- What you have to do: Go to the line with "Property slide 10" in the material below and copy from there through the line with "Xelkê Qamişlo bi", exactly. Pictures are not copied.

- Data shown:
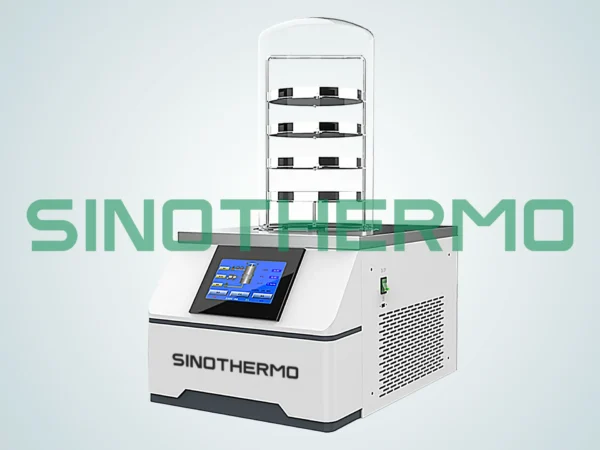 Máy sấy đông khô để bàn SINOTHERMO - thiết bị nhỏ gọn, có thể lập trình được với bảng điều khiển màn hình cảm ứng để đông khô hiệu quả trong phòng thí nghiệm.
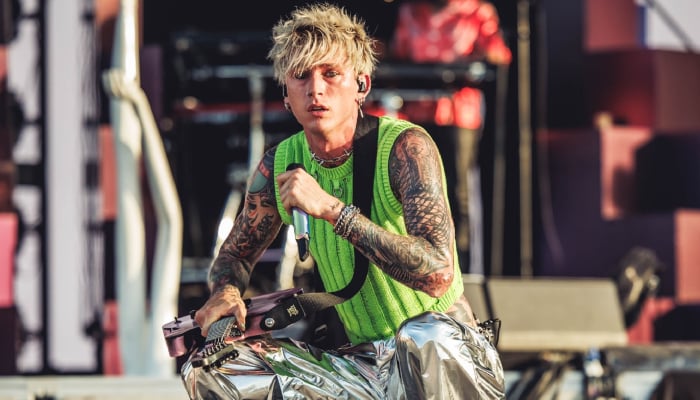 Machine Gun Kelly wins hearts with inspiring fan interaction during show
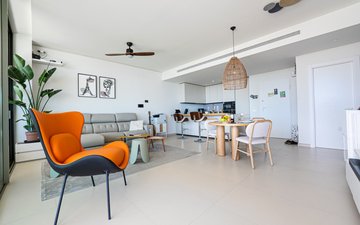 Property slide 10
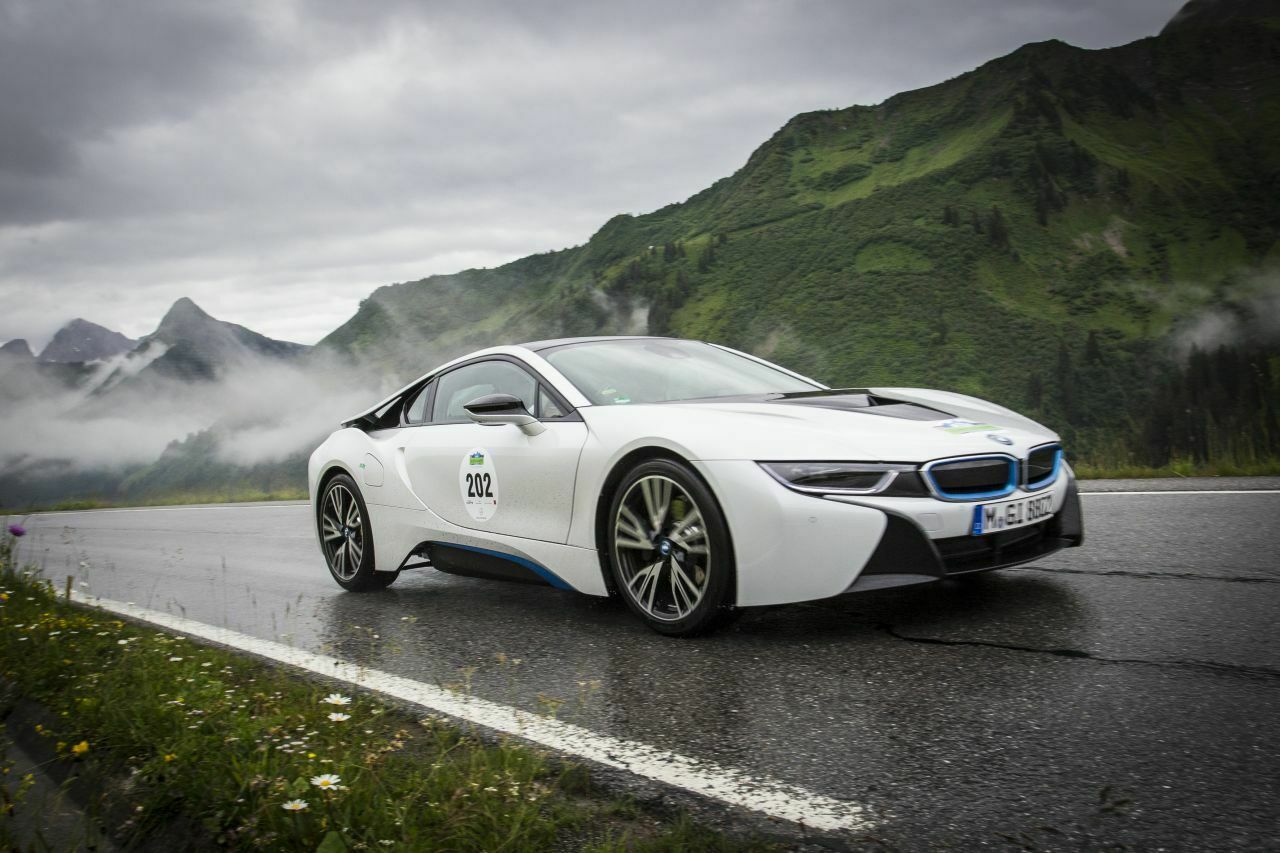 BMW i8: Der Hybridantrieb des Sportcoupés mit einer Systemleistung von 362 PS besteht aus einem Dreizylinder mit 1,5 Liter Hubraum und einem 96-kW-Elektromotor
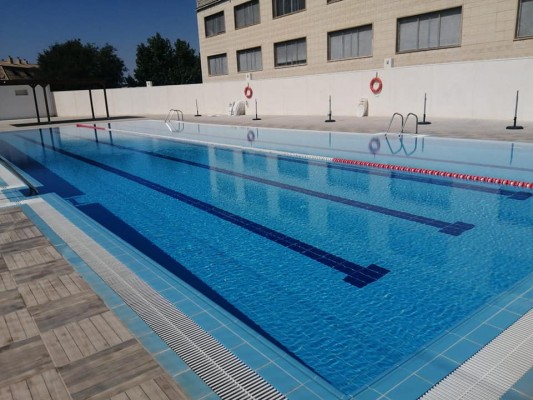 Ibi convenia con Alcoy utilizar su bolsa de trabajo para contratar socorristas para las piscinas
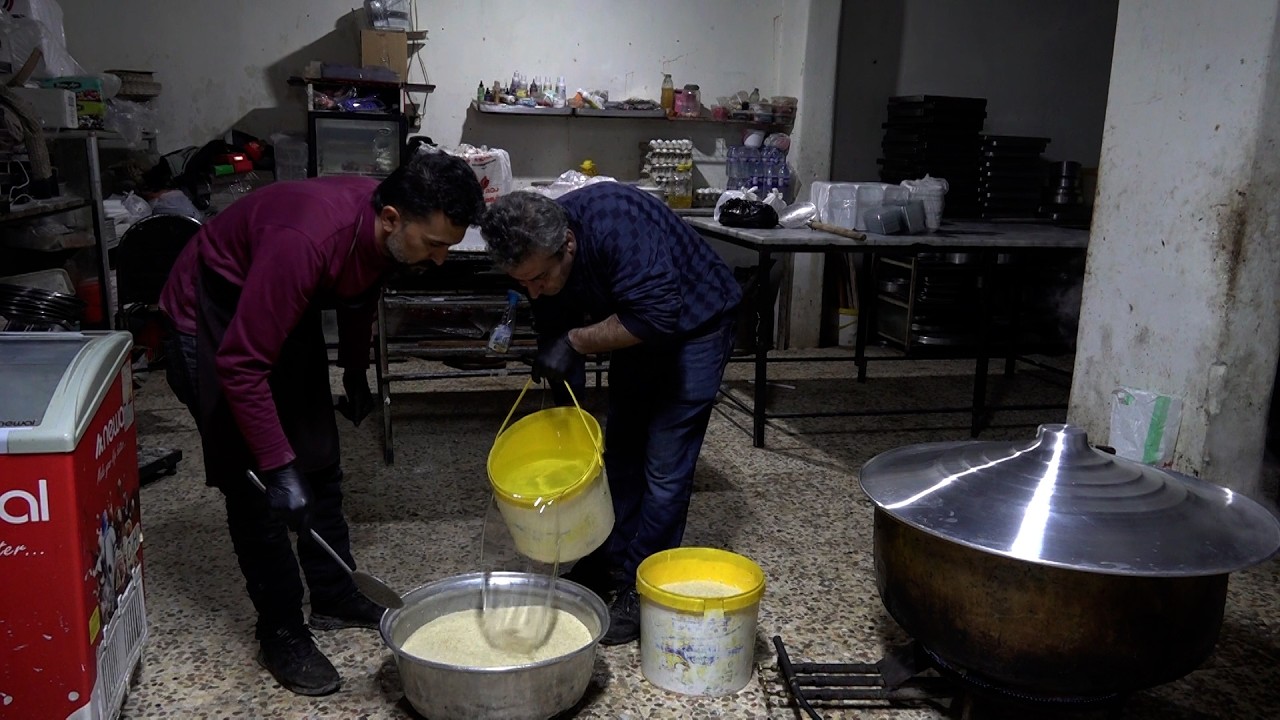 Xelkê Qamişlo bi çêkirina xwarinê alîkariya koçberan dikin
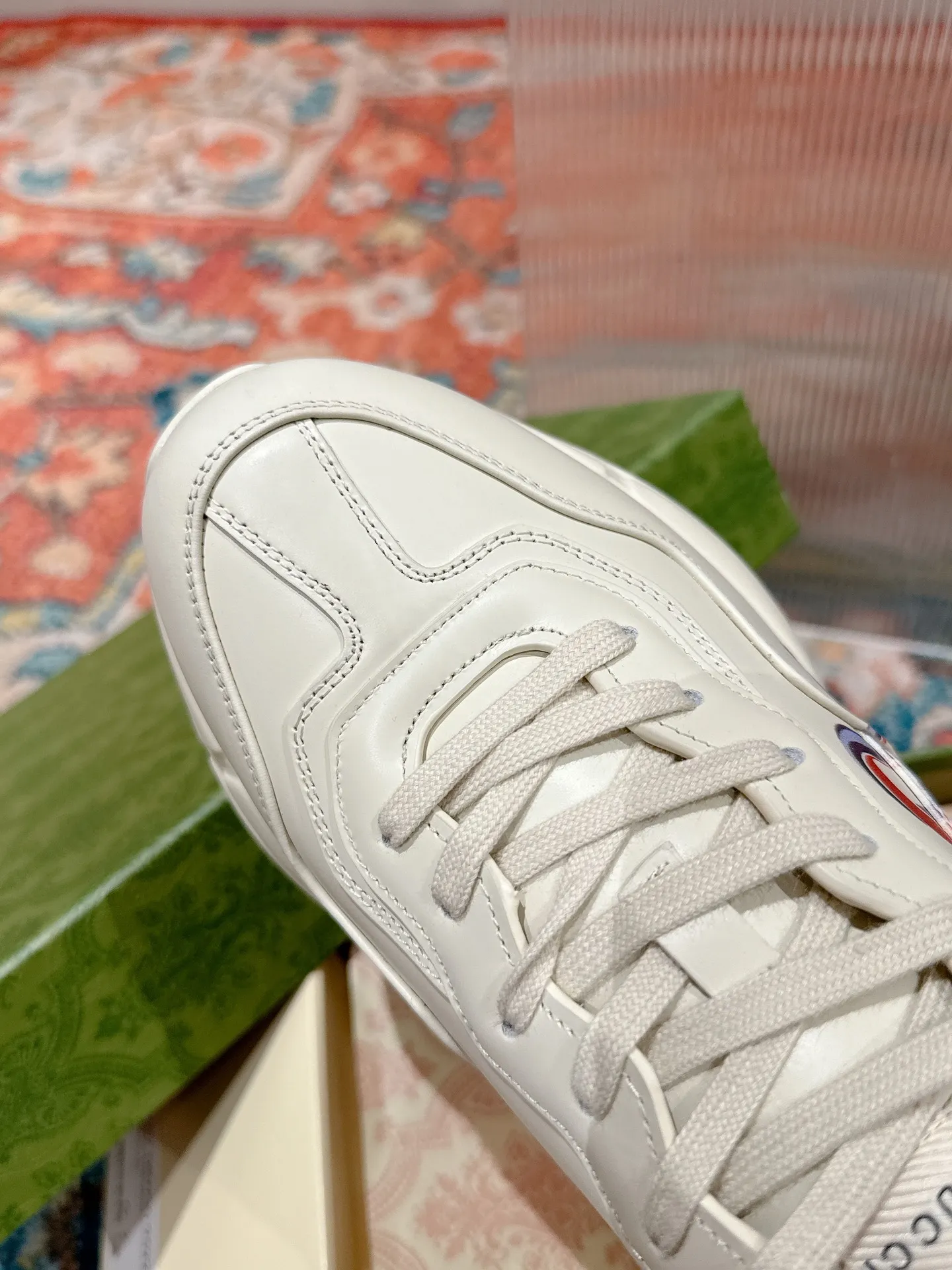 👟👟Ex-factory price 700👟👟 Men's size +10 🇮🇹Italy🇮🇹Gucci GUCCI🇮🇹Dad shoes (purchase level) (original replica) 👑 The original version purchased by Taikoo Hui has been continuously improved and upgraded in details, from the packaging of the shoes - anti-counterfeiting markings - shoe box accessories - fabric optimization - outsole technology - stitching and routing - oil edge technology. We do our best ◼️ Outsole: original plate molding ◼️ Upper: original grade A imported cowhide 🐮 ◼️ lining: original grade A mixed sheepskin 🐑 ◼️ Feet: original grade A mixed sheepskin 🐑 ◼️ Medium and low belt LOGO + original injection molding foot technology + original lasting technology ◼️ Original full set of customized packaging (anti-counterfeiting chip + a cloth bag + GUCCI card envelope + electronic invoice with credit card slip + shoelaces) ◼️ All details of the higher version are consistent with the original version (note the comparison) ◼️ Code number: 35-40 for women and 39-44 for men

- Exercise output:
 Property slide 10
 BMW i8: Der Hybridantrieb des Sportcoupés mit einer Systemleistung von 362 PS besteht aus einem Dreizylinder mit 1,5 Liter Hubraum und einem 96-kW-Elektromotor
 Ibi convenia con Alcoy utilizar su bolsa de trabajo para contratar socorristas para las piscinas
 Xelkê Qamişlo bi çêkirina xwarinê alîkariya koçberan dikin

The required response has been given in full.